Class L interaction: C has affinities for only a

limited number or classes of proteins.

Large	Specific efficacy as a	Not a drug; nor a toxic
	drug or specific toxicity	substance
Small	Appropriate chemical	Not a drug; nor a toxic
	modification may yield	substance
	a drug

TABLE 2

An example of model matrix formulated with the use of data on
the interactions between known compounds and known proteins.

		Rank*:
	Protein	Pharmacological	Rank*:

Compound	P₁	P₂	P₃	P₄	P₅	Activity	Toxicity

C₁	0	H	H	L	0	1	5
C₂	0	H	L	0	0	2	4
C₃	H	0	L	L	0	3	3
C₄	0	L	0	L	L	4	2
C₅	L	L	0	L	H	5	1

H, high affinity; L, low affinity; 0, no affinity.
*A smaller number indicates higher activity or toxicity. These ranks are on an arbitrary scale. If a test compound, X, shows a pattern similar to the known compound, C₂, X is predicted to be Rank 2 in pharmacological activity and Rank 4 in toxicity.

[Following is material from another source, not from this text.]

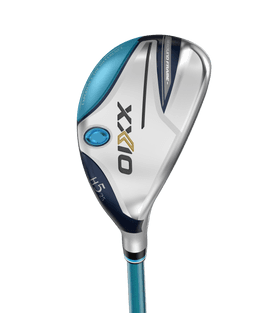 XXIO 12 Hybrid Women - Golf Club - 6H - 28° Loft - Ladies Flex - XXIO 12 MP Shaft - Woman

Both pharmacological activity and toxicity can address specific activity (for example, antihypertensive) and toxicity (for example, prolongation of QT interval in ECG).

Claims

1. A method of screening for an agent that has a pharmacological effect similar to a target compound (C₀) having a desired pharmacological effect, the method comprising:

(1) contacting (i) the target compound (C₀) that is selected from a compound library and has the desired pharmacological effect with (ii) a population of proteins in a protein library to select one or more proteins or portions of proteins (P_j) that have affinity and specificity to the target compound (C₀);

(2) using one of the proteins or portions of proteins (P_j) selected in step (1) as a target protein to select one or more agents that have affinity and specificity to the target protein from the compound library; and

(3) obtaining an agent that is not identical to the target compound (C₀) used in step (1) from the one or more agents selected in step (2), as a candidate compound (C₁) that has the desired pharmacological effect.

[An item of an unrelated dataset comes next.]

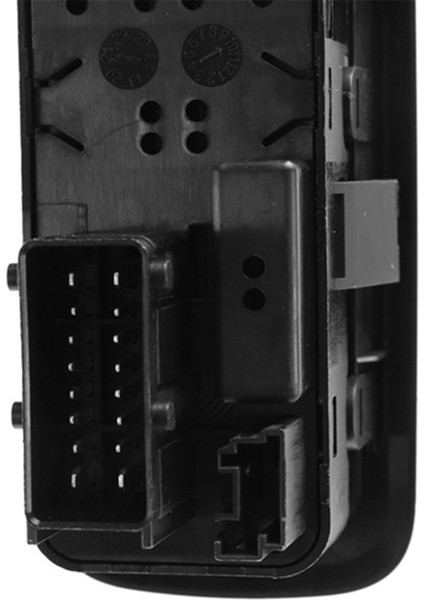 Peugeot Citroen C3 Mk2 Sc Için 98012283XT Ön Sol Elektrikli Ana Cam Anahtarı (Yurt Dışından) fırsatları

2. The method of claim 1, further comprising the following step (1-2) between steps (1) and (2):

(1-2) specifying structure and function of the one or more proteins or portions of proteins (P_j) selected in step (1).

3. The method of claim 1, further comprising the following step (4) after step (3):

(4) confirming whether the candidate compound (C₁) actually has the desired pharmacological effect.

4. The method of claim 1, wherein the protein library is a population of proteins that are expressed from full-length cDNAs.

5. The method of claim 1, wherein the compound library is a drug library.

6. The method of claim 5, wherein the drug library is a population of drugs that have been approved for medical use.

7. The method of claim 1, wherein the compound library is a population of compounds with molecular weights of less than 1,600 Daltons.

8. The method of claim 4, wherein the drug library is a population of drugs with molecular weights of less than 1,600 Daltons.